The appellate decision held that fraud occurring during the contract about material terms of the contract (time, duration, and scope) did not undermine the parties’ limitation on damages for breach of contract. As such, the Tennessee Court of Appeals expanded the economic loss doctrine to include “services” contracts (as well as goods contracts). The Tennessee Supreme Court overruled.
Supreme Court Reasoning in Commercial Painting
In Commercial Painting, the contract provided that “in no event” would the general contractor have to pay any special or consequential damages, and that the subcontractor waived “any claims in quantum meruit, interest on late payments” or any other measure of damages.
But a jury ultimately awarded the subcontractor $1.7 million in compensatory damages and an additional $3.9 million in punitive damages under several theories including unjust enrichment and intentional misrepresentation/fraud. The trial court awarded $2 million in pre-judgment interest and another $1 million in costs and attorney’s fees. Overall, the award ballooned to nearly $8.4 million.
Parsing a 2021 Tennessee Supreme Court opinion, Milan Supply Chain Solutions Inc. v. Navistar Inc., 627 S.W.3d 125 (Tenn. 2021) and relying on non-Tennessee cases, the Tennessee Court of Appeals applied the “economic loss” doctrine limiting the subcontractor’s recovery and reversing portions of the trial court’s ruling. The Court of Appeals specifically refused to apply the exception for fraud to permit Commercial Painting to recover more than its economic loss.
In a gentle rebuke to the Court of Appeals, the Tennessee Supreme Court in Commercial Painting chastened that, in Milan, “We indicated no interest in expanding the economic loss doctrine beyond the products liability context.”
The unmistakable ruling is that, in a non-product liability context, an aggrieved party to a breached services contract might be able to collect much more than contract damages permitted under the parties’ agreement.
The Tennessee Supreme Court in Commercial Painting has plainly limited the application of the economic loss doctrine to product liability/goods contract cases where there is no personal injury and the good did not damage other property.
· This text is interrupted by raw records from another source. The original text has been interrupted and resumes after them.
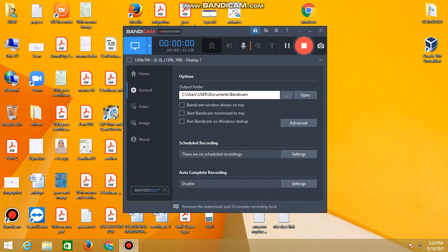Hello and welcome to my channel. Hope you all are doing well. Today in this video I am going to show you how to generate random text using MS Word.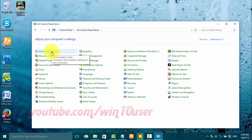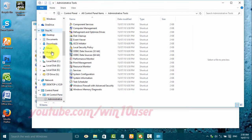Click Administrative Tools, then double-click Services.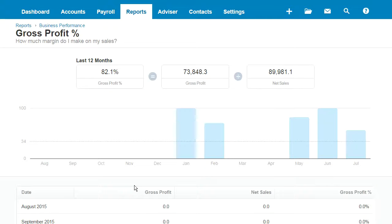So what does this gross profit percentage indicate? It is essentially gross sales less the cost of sales — what some people call COGS, cost of goods sold, or direct costs — as a percentage of your sales revenue. It's showing you the percentage that gross profit exceeds the production costs in the business. It's a really good indicator of profitability, how well you're using your resources, and how well you're controlling the costs in the business.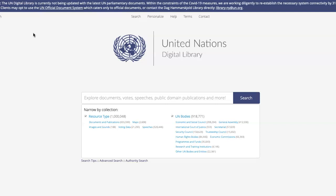In the UN Digital Library, there's a special collection for voting data. This will tell you how Member States voted on an adopted resolution of the General Assembly or the Security Council. To do a search for the voting data, you can go into the voting data collection.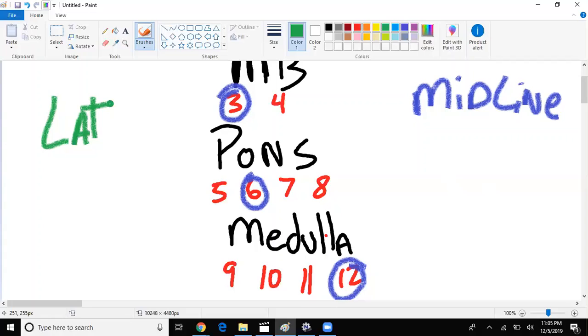What if you had a patient who couldn't feel their face, couldn't taste, couldn't move their face, things like that? Well sounds like five and seven, where's that found? In the pons, medial or lateral? Lateral.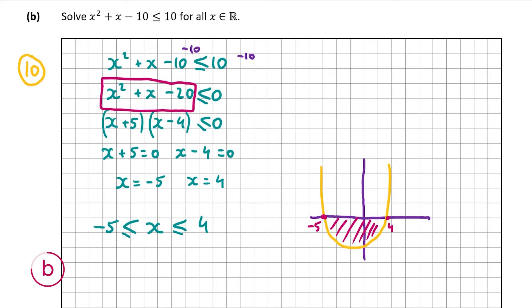Sometimes the answer is above the x-axis and then it's split into two separate parts. When the function is smaller than or equal to 0, x will be between two numbers. When it's larger than or equal to 0, you'll have two separate parts: x ≤ some number and x ≥ some other number. Here it's smaller than or equal to 0, so x is between or equal to −5 and 4. That's our answer for part b.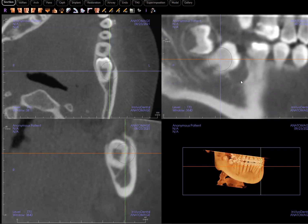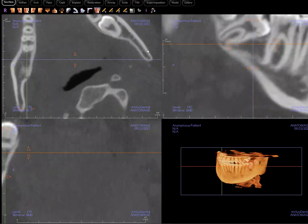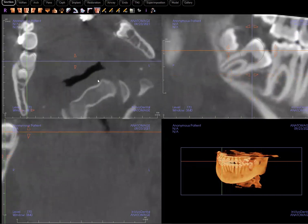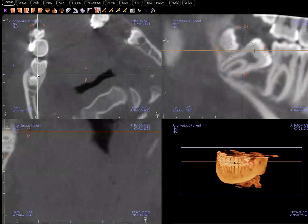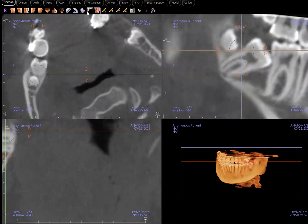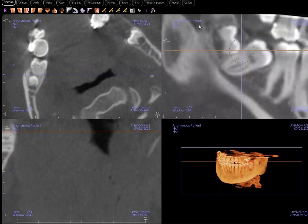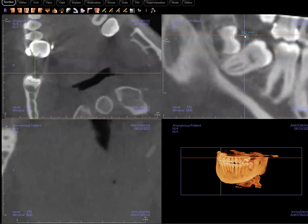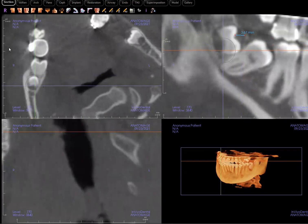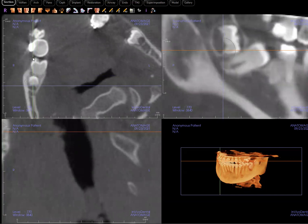We can always learn more about the lesion by comparing to the normal side. So let's look at the other side — the unaffected, healthy side. Right here, that follicular space is probably less than a millimeter. That's what a normal follicular space should look like. And on the affected side, it's about three to four millimeters at most.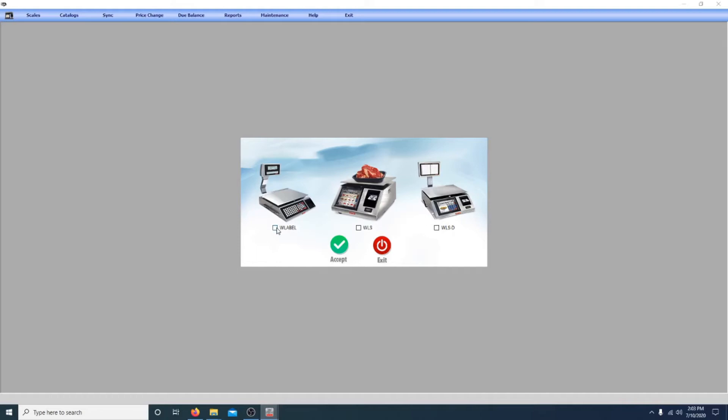Now I'm going to show you how to configure the software so that it can control your scale.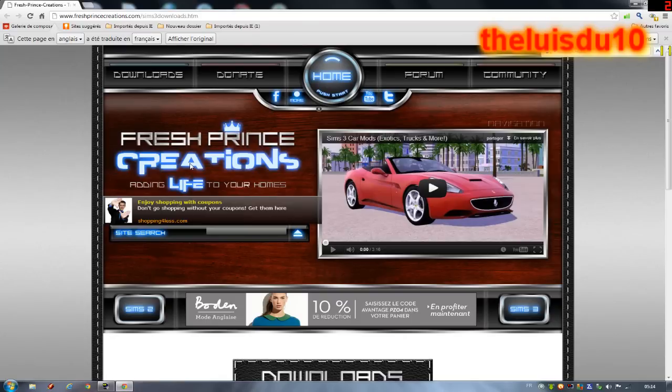Salut tout le monde, c'est TheLouisDudis. Aujourd'hui je vous présente un tuto pour télécharger des voitures pour les Sims 3.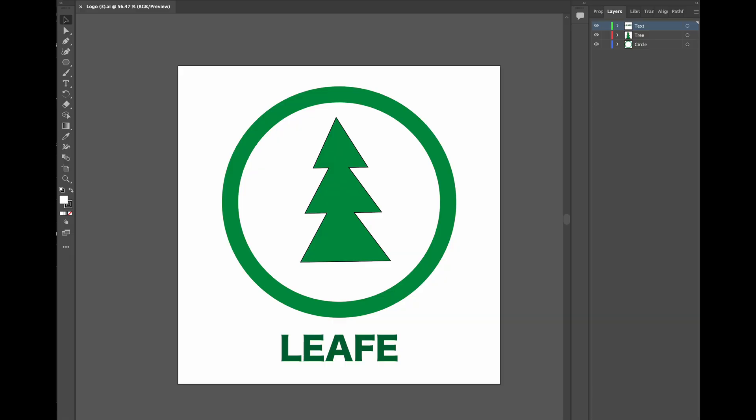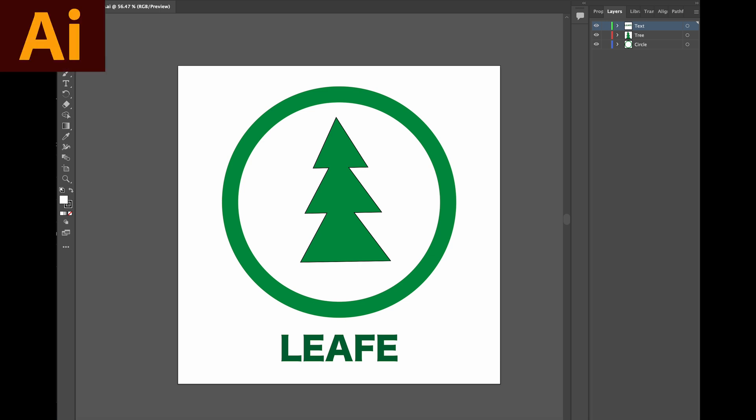All of the assignments followed a fake company created by the instructor called Leaf Institute. The first assignment was to create a logo for the company utilizing Adobe Illustrator. As you guys can see here on the screen, most of the students did a logo like this.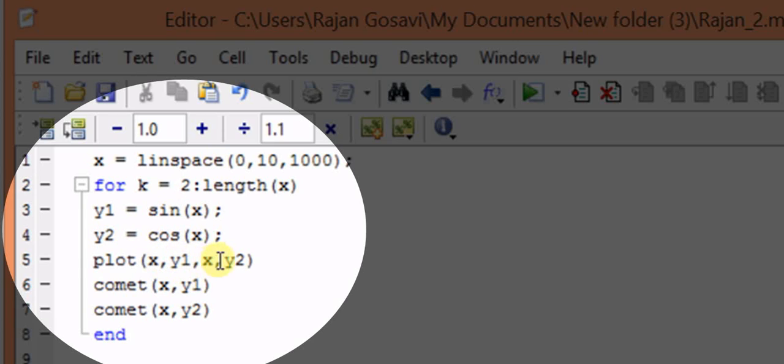Similarly, for other values of x from 0 to 10 in 1000 linearly spaced values, the plot will be drawn.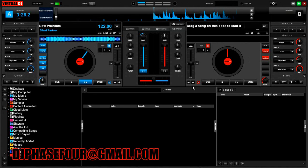Hey everybody, welcome to a quick tutorial on high definition, high quality recording using a VST plug-in. One of my pet peeves with Virtual DJ is that it runs at a very high sampling rate internally — it runs at whatever your sound card supports and uses 32-bit floats. However, when you record wave or FLAC format in Virtual DJ, it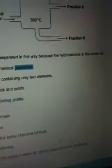be separated in this way because the hydrocarbons and the crude oil - let me show you that again - the fractions can be separated in this way because the hydrocarbons and the crude oil either have different chemical properties, or compounds containing only two elements which is wrong, or gaseous liquids and solids which is wrong, and have different boiling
As a result, it has made plain that commercial contracts for services that purport to exclude recovery of incidental, consequential and punitive damages may not actually exclude the recovery of such damages by the defrauded party.
The message from the court seems to be that, despite the attempts of parties to contractually limit damages and claims, parties to services contracts should pay close attention to their limitation of damages (and other contract provisions) in light of Commercial Painting and make plain whether there are any circumstances such as fraud, gross negligence, or negligence when the limitation of damages provision should be ignored.
Contracting parties should be mindful that Commercial Painting arose in the context of fraud/intentional misrepresentation. It did not specifically address whether negligence or gross negligence in the performance of a services contract would undo a limitation of damages provision in a services contract. Contracting parties should proceed with caution and weigh the risks in each particular agreement of where they draw line between a breach of contract and a tort claim. How commercial entities will respond to this newly reopened avenue of litigation is yet to be seen.